MSBI Step by Step Training Lab 5: - For dimension, measures, star schema, snow flake, shared connection managers & packages tasks.(SSIS)
30 minutes
Share the link to this page
Copied
  Completed
This video is Lab 5 of Learn MSBI in 4 days with Project series where we will learn dimension, measures, star schema, snow flake, shared connection managers & packages tasks.

Transcript

So welcome to lab number five. And in lab number five, we are going to do a lot of things because the requirement has increased tremendously. If you see till now you know we have been capturing customer code, customer name, customer amount and sales date. But now, the customer has added four new fields. So one is country name, where the sales has happened, states name where the sales has happened, product name, what has been sold, and the final one is the salesperson who is selling it. So there are four new fields which has been added country states product and salesperson.

And if you watch these new fields very closely, they are actually master data. You can see the country data over here. This clearly says that this has to go into some kind of a country master table. You can see state's table This should clearly go into some table like state's table right, and so on. So basically, this new fields, which has been added here are nothing but you know, they are master data. That means that in our database at this moment, if you see in our database, we have only one table, right?

So we need to go and redesign our database in such a way that we can accommodate these changes, right. So, first thing is we need to go and create the necessary master tables to accommodate all of these new fields. Now, when we talk about database systems like OLAP, or when we design database for data warehouse, we don't design by using those normal normalization techniques. A lot of developers or a lot of people you know, when they do database design, they follow first normal form, second Normal Form third normal form. In case you're new to these data, As design techniques of normalization, I would suggest you to go and watch the video from the SQL Server section where I've explained all these three normalization techniques. But when it comes to OLAP databases, your people prefer star schema or snowflake.

They don't prefer normalization techniques. Now, you must be wondering that, why shouldn't we be doing normalization? The purpose of normalization database design is that to avoid redundancy, to avoid duplicate data. And that makes sense when the data is coming into the system. So when you're doing insert updates and deletes, yes, you'd like to have a normalization database design you know so that you avoid duplicate values you avoid redundancy. But if you look at OLAP systems and if you look at SQL Server Data Warehouse or any kind of database House system, the main goal there is reading the records, fetching the records getting the records as soon as possible doing analysis as soon as possible.

So, for those kinds of systems, people prefer star schema or snowflake.
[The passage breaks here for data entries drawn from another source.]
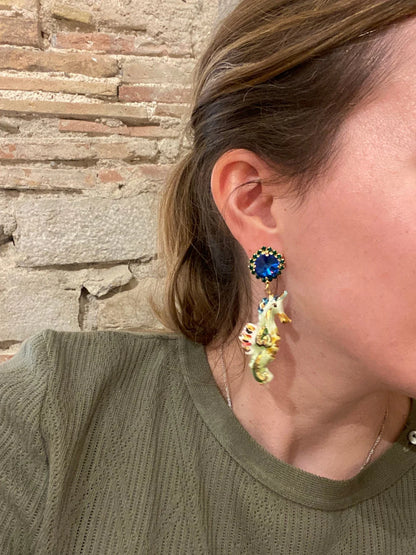 Person wearing colorful earrings with a stone wall background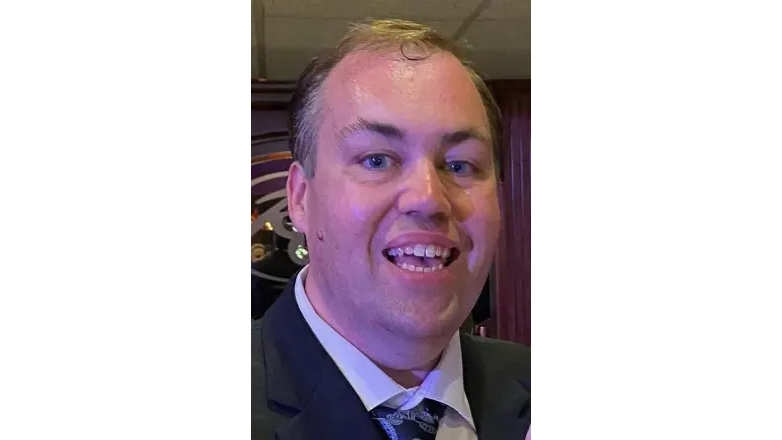Matthew Voight in a suit at an indoor event with purple lighting. Background shows blurred décor. jovial atmosphere.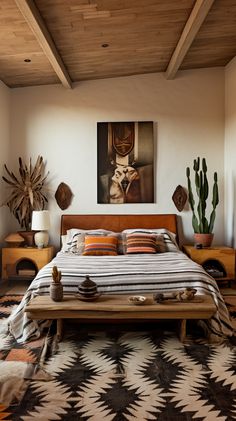 a bed sitting under a painting on top of a wooden headboard in a bedroom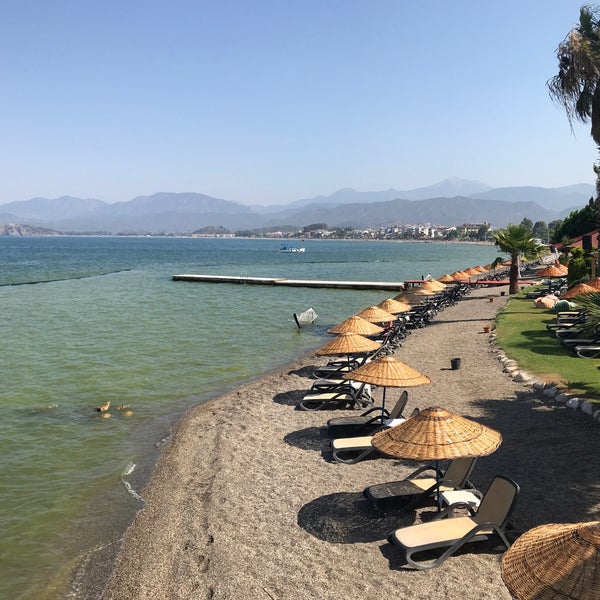 Photo taken at Şat Beach Club by ozgek on 7/10/2019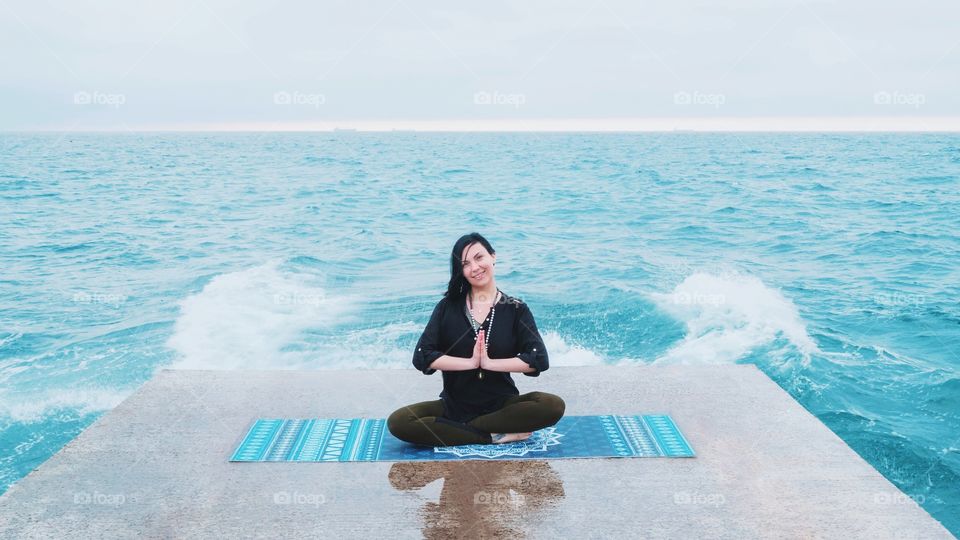 Woman in sports clothing practicing yoga and meditation on pier seaside in bad rainy weather 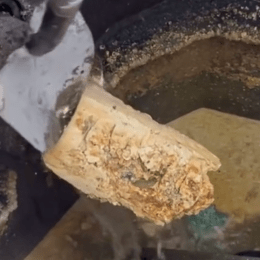 Still from a video showing a drain clogged with grease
So, when you talk about talking about OLTP systems, Yes, I understand normalization design is the best way to go because data is coming into the system, you want to ensure that you get clean and proper data, but when we are talking about fetching, analyzing, and that time, reading the records is the most important thing that you want to be better in terms of performance, right. So at that time, star schema and snowflakes are a better design. Now, in order to understand that why star schema and snowflake is designed in this way, we need to understand the concept of measures and dimensions first, because if you don't understand the concept measures and dimensions, it would be very difficult to understand why star schema and snowflakes have that kind of a view or design. Now, the whole purpose of business intelligence is to derive intelligent information from your data, when I say intelligent information means to do forecasting to do analysis.
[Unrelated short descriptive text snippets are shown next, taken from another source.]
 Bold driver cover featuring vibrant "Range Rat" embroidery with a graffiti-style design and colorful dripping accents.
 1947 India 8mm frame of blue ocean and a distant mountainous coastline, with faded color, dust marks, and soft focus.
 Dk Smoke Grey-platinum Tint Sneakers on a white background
So, basically the whole purpose why why an end user or a customer I will say wants to do msbi is to derive intelligent information from a data. Now, normally, when you say you want to do analysis, when you want to do forecasting, when you want to derive intelligence from a data you normally do on numbers, numbers means, like financial data must be financial data means the profit of the company sales of a company population. So normally when you say you want to do forecasting or you want to do analysis or you want to do intelligence, it is normally on numbers. But standalone numbers don't have any value until you don't have a context. For example, if you look at our data at this moment, so we have yes we have total sales amount, but I would like to say okay sales amount as for what I need a context, who can say okay sales amount as per India, right, or sales amount as for the year 2012, sales amount as per the product like shoes or shirts.

So in other words, one is you have that number, on, on on what you want to do the forecasting and analysis, and the other is the context to that number. Right this number on video The customer intense or wants to do analysis is termed as measures. The context which talks more about that measure is termed as dimensions. In other words, in our database now, we have to create two categories of tables. One category of table, which will store measures, and one category of table which will store dimensions. So in other words, you know, we have to go and revamp or database design.

So let's go back to our SQL Server. So at this moment, if you see we have only one table here called as the TBL customer. So this TBL customer at this moment has the customer sales amount. So fundamentally speaking, this is the measure table. Why this is a measure table, because it has the amount it has that field on which the customer wants to do it. Testing.

Now, the measure tables like at this moment this TBL customer table people also turn this table as a fact table. A fact table is again the same thing it is synonym. So, you can think about then facts and measures of synonym words. So, they have fields in a which will help you to do forecasting on which you can do analysis right. So, what I will do is in order to sync up with our vocabulary what we have just talked, I will go and rename this TBL customer table to fact customer. So, this means that this table has has columns you know, which will help you to do forecasting, analysis and etc.

Okay. Now, I do know that you know once I'm going to rename this table, I'm going to have a lot of problem with Master size. So we'll fix that that's not a worry, but let us try to make this a professional project. So I'm going to go and rename this table to affect customer. So that is done. Okay.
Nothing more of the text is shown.